Check out Chef Alon Shaya’s recipe for Baba Ganoush below. You can also read more about his culinary journey here. (In the meantime, bookmark his slow-roasted lamb shoulder recipe for the next time you want to wow your dinner guests.)
Recipe provided by Alon Shaya, Chef and Co-Founder of Pomegranate Hospitality (New Orleans: Saba at Four Seasons Hotel New Orleans, Saba’s Lounge, Miss River, Chandelier Bar, Denver: Safta, Bahamas: Silan at Atlantis Paradise Island, Las Vegas: Safta 1964, Wynn Las Vegas). author, “Shaya: A food journey, a journey back to Israel”.

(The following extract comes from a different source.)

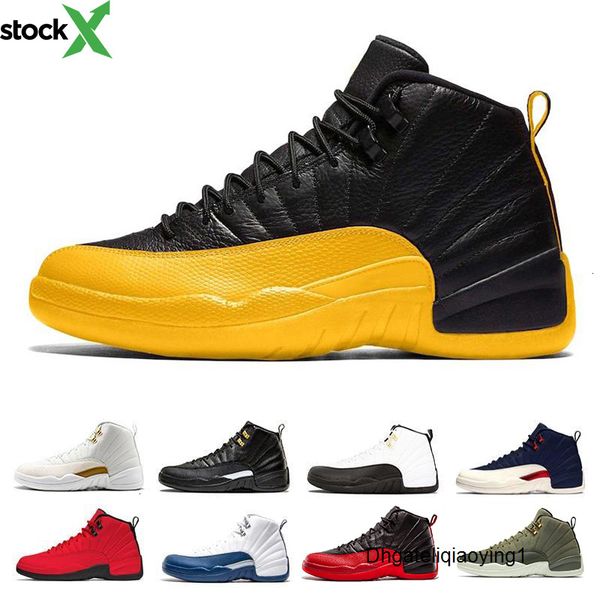 12 12s gym red wntr winterized cny basketball shoes men cherry playoff taxi the master black sports sneakers
12 12s gym red wntr winterized cny basketball shoes men cherry playoff taxi the master black sports sneakers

- 2 large (1 pound) eggplant
- 1 large clove garlic, crushed
- 3 tablespoons lemon juice
- 3 tablespoons raw tahini
- 1 tablespoon ice water
- 1/4 cup sour cream
- 1/2 teaspoon morton kosher salt
- Prick the eggplant all over with a fork before grilling. When cooking on a gas stove, if you’re concerned about messes, it’s a good idea to line the burners with foil. Place each eggplant directly on its side over a gas stove burner and cook over medium heat for 25 to 30 minutes, until the bottom is haggard and blistered with papery white charred bits. — When you think it’s ready to turn, you can probably cook that side for another 5 minutes.
- Flip the eggplant and cook the other side until browned. If you notice that some parts are not colored, try rotating it a little. It’s done when it’s evenly burnt. You can drill a hole in the neck without any resistance. It will take a total of 40-50 minutes. The uglier it is, the more flavor there is inside. Remove from heat and let cool.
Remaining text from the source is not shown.